The Department of Defence announced today that it had cancelled solicitations for the $10 billion Joint Enterprise Defense Infrastructure (JEDI) Cloud, and has “initiated contract termination procedures”. Alongside the cancellation of the JEDI Request for Proposals, the Pentagon also announced that it is now seeking proposals for the Joint Warfighter Cloud Capability (JWCC), a multi-cloud, multi-vendor contract.

In the announcement, the Pentagon said that JEDI Cloud no longer met its needs, citing “evolving requirements, increased cloud conversancy, and industry advances”. John Sherman, acting DoD Chief Information Officer said that:

“JEDI was developed at a time when the Department’s needs were different and both the CSPs technology and our cloud conversancy was less mature. In light of new initiatives like JADC2 and AI and Data Acceleration (ADA), the evolution of the cloud ecosystem within DoD, and changes in user requirements to leverage multiple cloud environments to execute mission, our landscape has advanced and a new way-ahead is warranted to achieve dominance in both traditional and non-traditional warfighting domains.”

The Pentagon says that it will be seeking proposals from “a limited number of sources” for Joint Warfighter Cloud Capability, namely Microsoft Corporation and Amazon Web Services, due to available market research indicating that the two companies are the only cloud service providers (CSPs) capable of meeting JWCC requirements, However, it adds that it will “immediately engage with industry and continue its market research to determine whether any other U.S.-based hyperscale CSPs can also meet the DoD’s requirements”, entering negotiations should they be found to do so.

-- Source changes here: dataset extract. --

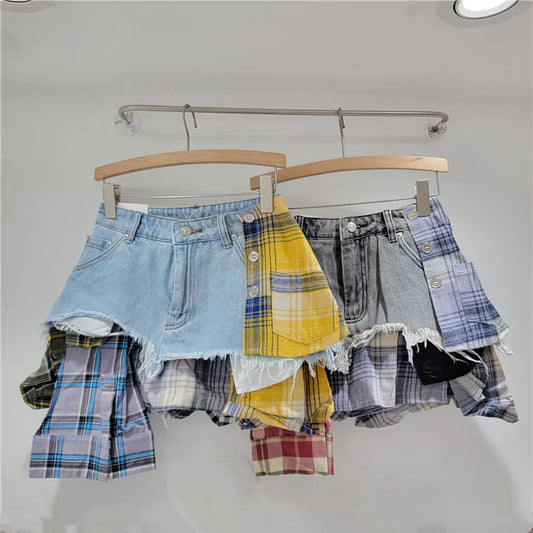 YEAE plaid patchwork irregular denim shorts women's fashion high-waisted A-word denim shorts skirt 2024 summer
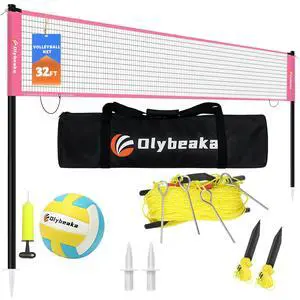 32ft Regulation Size Portable Outdoor Volleyball Net Set System for Backyard Beach with Height Adjustable Poles, PU Volleyball and Pump, Carry Bag, Boundary Line - Easy Set Up & Anti-Sagging 32ft Regulation Size Portable Outdoor Volleyball Net Set System for Backyard Beach with Height Adjustable Poles, PU Volleyball and Pump, Carry Bag, Boundary Line - Easy Set Up & Anti-Sagging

The cancellation of JEDI is an abrupt end to the program, which sparked a legal battle between Microsoft and Amazon following the former’s victory in October 2019. Amazon filed a protest a month later alleging political interference, claiming that then-President Donald Trump’s personal dislike for Jeff Bezos, CEO of Amazon at the time, had resulted in the contract going to Microsoft. While the DoD inspector-general found no evidence of political interference, it also stated that it was not able to fully review the matter due to limited cooperation from White House officials, and the Court of Federal Claims ruled in April that Amazon’s protest would be heard.

A US Army soldier tests out an Integrated Visual Augmentation System (IVAS) headset, based on Microsoft’s HoloLens technology (US Army)

Microsoft’s President for US Regulated Industries, Toni Townes-Whitley, said in a blog post that Microsoft respected and accepted the decision to “move forward on a different path to secure mission-critical technology”, saying:

“It’s clear the DoD trusts Microsoft and our technology, and we’re confident that we’ll continue to be successful as the DoD selects partners for new work. Their decision today doesn’t change the fact that not once, but twice, after careful review by professional procurement staff, the DoD decided that Microsoft and our technology best met their needs. It doesn’t change the DoD Inspector General’s finding that there was no evidence of interference in the procurement process. And it doesn’t change the fact that the DoD and other federal agencies – indeed, large enterprises worldwide – select Microsoft to support their cloud computing and digital transformation needs on a regular basis. Even though we couldn’t work directly with the DoD on JEDI while the protest was in the courts, the investments we’ve continued to make in support of the contract requirements ensure that Microsoft will be an even stronger competitor for future contracts. Microsoft now has the broadest range of cloud innovation across U.S. government data classifications, from the cloud to the tactical edge to outer space.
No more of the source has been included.